▶ About this exercise: Transcribe the full listing exactly, and drop every picture.

▶ Information supplied:
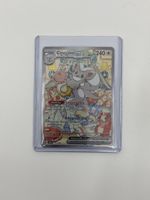 Pokémon Cincinno-GX Karte 119/108 guter Zustand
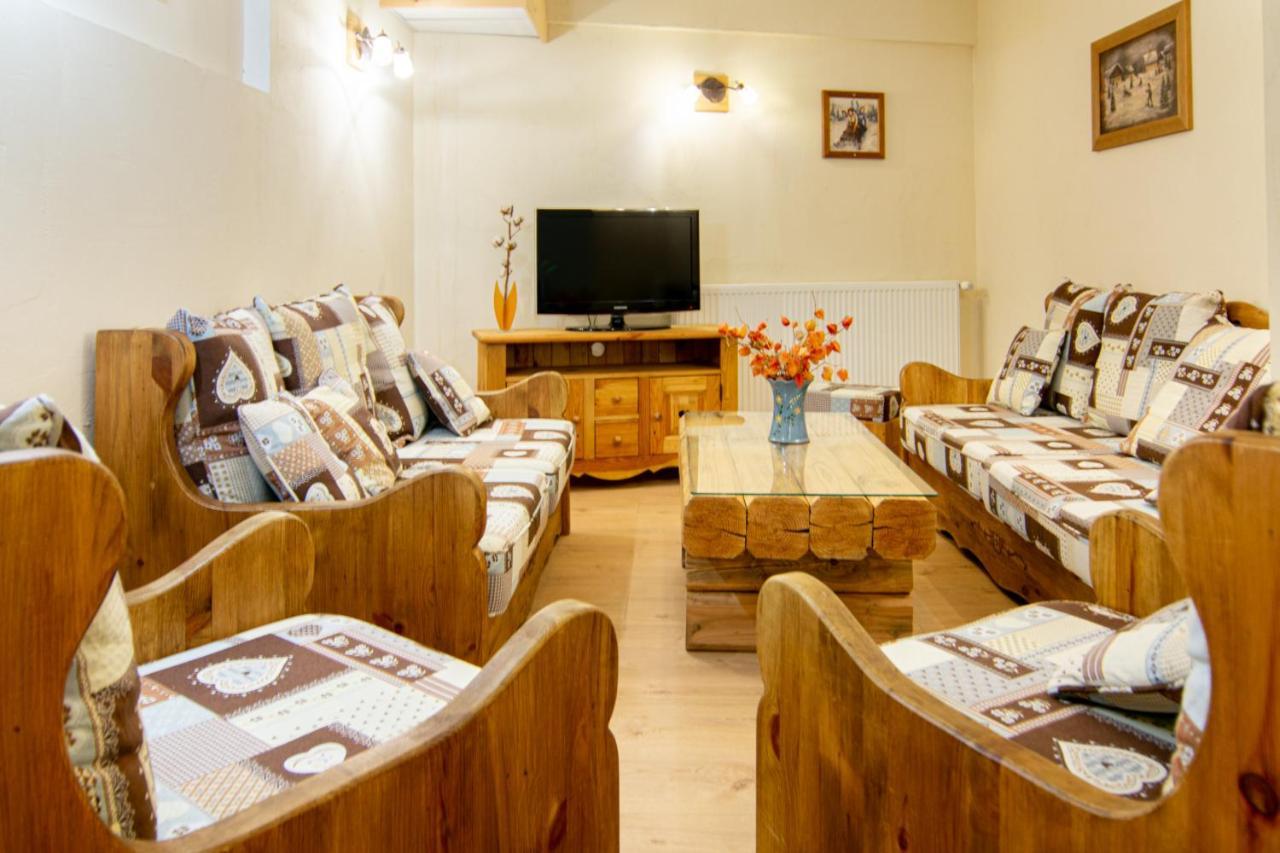 Chalet Hotel La Tarine Peisey-Nancroix Luaran gambar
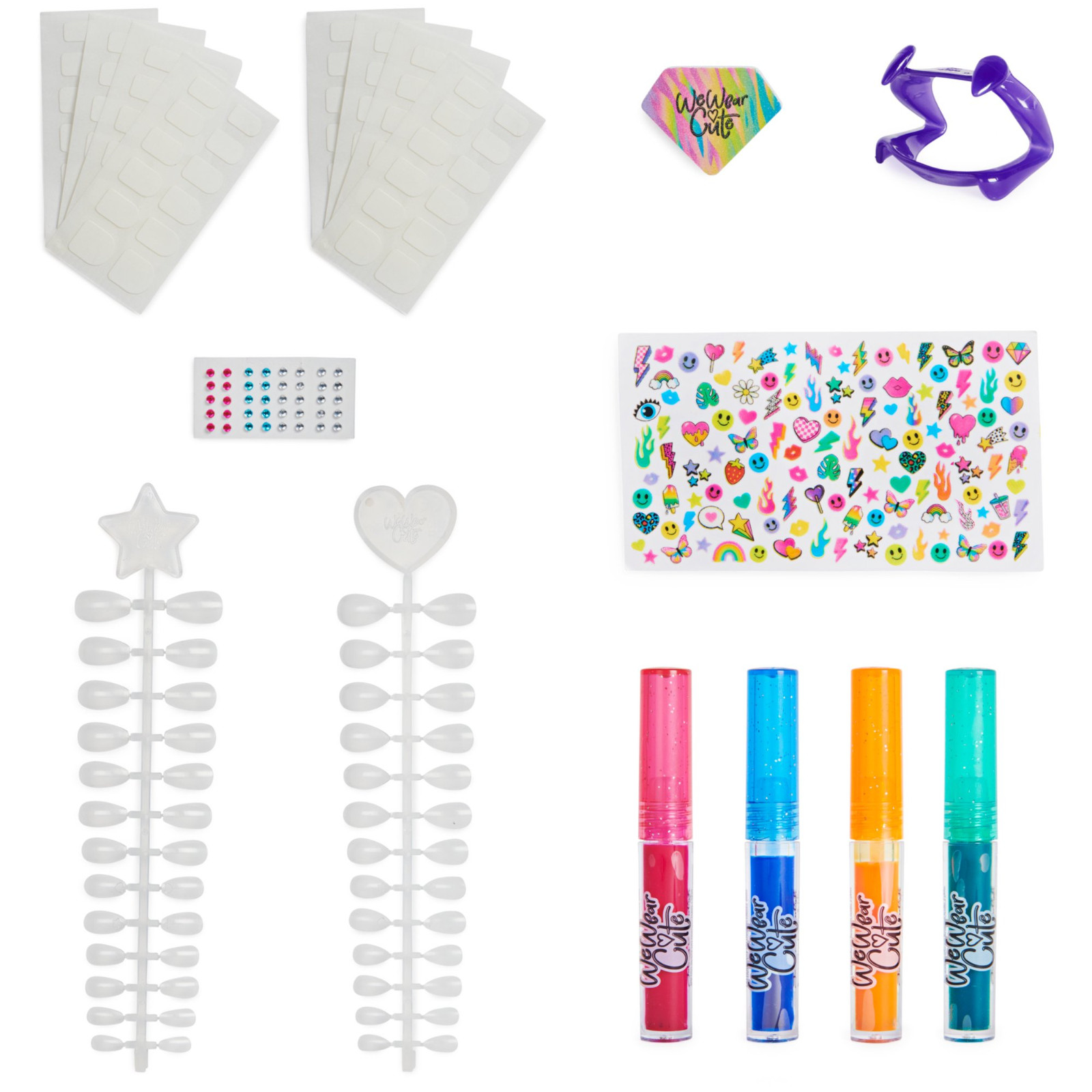 Cool Maker We Wear Cute So Jelly Nails Manicure Kit for Girls 8 And Up TikTok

▶ Task output:
 Pokémon Cincinno-GX Karte 119/108 guter Zustand
 Chalet Hotel La Tarine Peisey-Nancroix Luaran gambar
 Cool Maker We Wear Cute So Jelly Nails Manicure Kit for Girls 8 And Up TikTok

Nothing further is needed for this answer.